Recommendations of the Editorial team
At least three more events will no longer take place at the Kennedy Center after its board, who was handpicked by US President Donald Trump, voted to rename the venue the Trump-Kennedy Center.
More cancellations in protest
New York dance company Doug Varone and Dancers announced that they will no longer stage their previously scheduled performance there in protest of the arts center’s renaming.
“It’s financially devastating. But morally exhilarating,” Varone told The New York Times in an email. (Varone did not immediately respond to a request for comment from ROLLING STONE.)
Also on Monday, the Kennedy Center’s website said two Cookers events scheduled for New Year’s Eve were also canceled. While the jazz band initially did not give a reason for the cancellation, it came after jazz musician Chuck Redd’s decision to cancel his annual free concert, originally scheduled for Christmas Eve.
More artists are withdrawing
Alabama folk singer Kristy Lee, who was scheduled to perform a free concert on Jan. 14, was also among the artists who canceled their performances. “I’m not going to lie to you. Canceling shows hurts,” she wrote in an Instagram post last week. “This is how I keep the lights on. But losing my integrity would cost me more than any paycheck. When American history is treated as if it can be banned, erased, renamed or remarketed to suit someone else’s ego, I cannot stand on this stage and sleep peacefully at night.”
In a statement to ROLLING STONE, Kennedy Center President Richard Grenell said: “The artists now canceling shows were booked by the previous far-left leadership. Their actions prove that the previous team cared more about booking far-left political activists than artists willing to perform for all people, regardless of their political beliefs. Boycotting the arts to show that you support the arts is a form of derangement syndrome.”
Legal threats and history
The new cancellations come several days after Grenell threatened to take legal action against Redd for canceling the Christmas Eve concert. He described his letter to the musician as “official notice” that the center would seek $1 million in damages for the “political stunt.”

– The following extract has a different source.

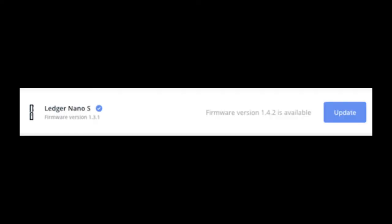Step 2: Update your firmware. Other than during this initial step, you should also do this each time Ledger releases a new update. These updates contain bug fixes, patches, and security improvements. Ledger has an up-to-date guide on exactly how to do this.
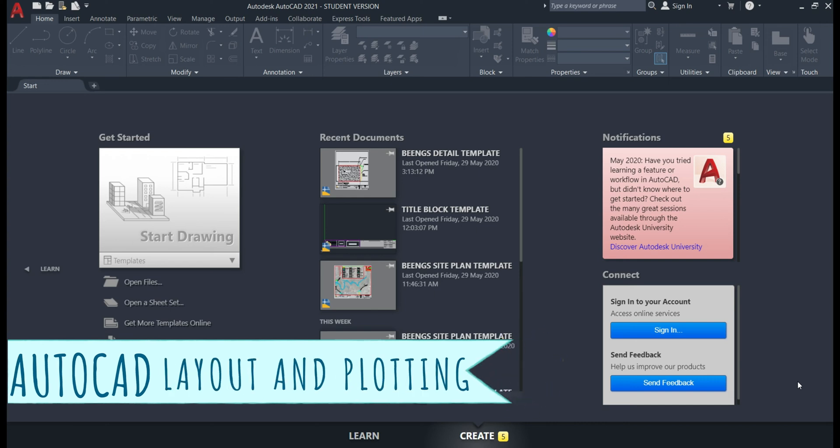Hey guys, so today I'm going to show you how to create an A3 layout and make sure it plots or prints correctly.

For more than 20 years, the Kennedy Center has hosted the Christmas Eve Jazz Jam, with Redd headlining since 2006. “When I saw the name change on the Kennedy Center website and then hours later on the building, I decided to cancel our concert,” Redd told the AP on Dec. 24.
Ongoing protests against the Kennedy Center
The cancellations mark another wave of protests against the Kennedy Center after at least 26 performances were canceled earlier this year, including 15 by the scheduled acts themselves. The background was Trump’s self-appointment as chairman of the institution. Issa Rae canceled a show in February, citing “an infringement on the values of an institution that has always celebrated artists of all backgrounds and across all media.”